What this task involves »
In the material below, some lines carry "Apartamento". Copy each such line.

Working data »
^^^^^^^^^^^^^^^^
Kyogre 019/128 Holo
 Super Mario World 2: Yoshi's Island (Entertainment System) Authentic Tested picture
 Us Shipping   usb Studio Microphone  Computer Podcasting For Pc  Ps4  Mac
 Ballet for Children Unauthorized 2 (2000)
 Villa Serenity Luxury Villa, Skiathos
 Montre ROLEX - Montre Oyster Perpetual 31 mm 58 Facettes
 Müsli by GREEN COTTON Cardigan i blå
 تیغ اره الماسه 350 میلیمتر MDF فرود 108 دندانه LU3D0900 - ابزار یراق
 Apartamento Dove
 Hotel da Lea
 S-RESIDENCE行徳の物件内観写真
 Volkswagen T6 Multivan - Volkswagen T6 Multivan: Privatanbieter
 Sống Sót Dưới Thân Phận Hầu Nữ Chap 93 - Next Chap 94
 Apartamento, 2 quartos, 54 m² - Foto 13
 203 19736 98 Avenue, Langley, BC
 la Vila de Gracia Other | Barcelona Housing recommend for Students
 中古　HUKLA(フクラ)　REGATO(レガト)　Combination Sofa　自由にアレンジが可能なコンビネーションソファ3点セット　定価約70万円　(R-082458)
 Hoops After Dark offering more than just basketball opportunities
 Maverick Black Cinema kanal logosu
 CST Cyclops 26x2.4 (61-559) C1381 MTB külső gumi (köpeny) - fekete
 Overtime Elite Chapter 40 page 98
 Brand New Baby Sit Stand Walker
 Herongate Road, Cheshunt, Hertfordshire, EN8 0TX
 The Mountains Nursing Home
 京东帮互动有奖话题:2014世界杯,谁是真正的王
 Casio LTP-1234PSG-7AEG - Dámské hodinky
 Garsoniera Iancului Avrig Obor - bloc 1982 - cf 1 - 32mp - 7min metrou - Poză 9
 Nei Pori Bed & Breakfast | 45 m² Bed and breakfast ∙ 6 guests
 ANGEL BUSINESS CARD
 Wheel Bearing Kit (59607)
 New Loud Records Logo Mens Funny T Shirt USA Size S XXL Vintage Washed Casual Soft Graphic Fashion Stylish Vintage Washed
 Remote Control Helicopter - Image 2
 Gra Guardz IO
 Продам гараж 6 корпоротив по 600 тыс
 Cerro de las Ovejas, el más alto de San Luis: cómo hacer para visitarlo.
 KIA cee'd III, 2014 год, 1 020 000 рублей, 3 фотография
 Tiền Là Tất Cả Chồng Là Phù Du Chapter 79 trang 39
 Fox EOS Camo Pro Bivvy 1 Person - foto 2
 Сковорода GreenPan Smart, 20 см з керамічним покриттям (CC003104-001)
^^^^^^^^^^^^^^^^
Answer to the problem »
 Apartamento Dove
 Apartamento, 2 quartos, 54 m² - Foto 13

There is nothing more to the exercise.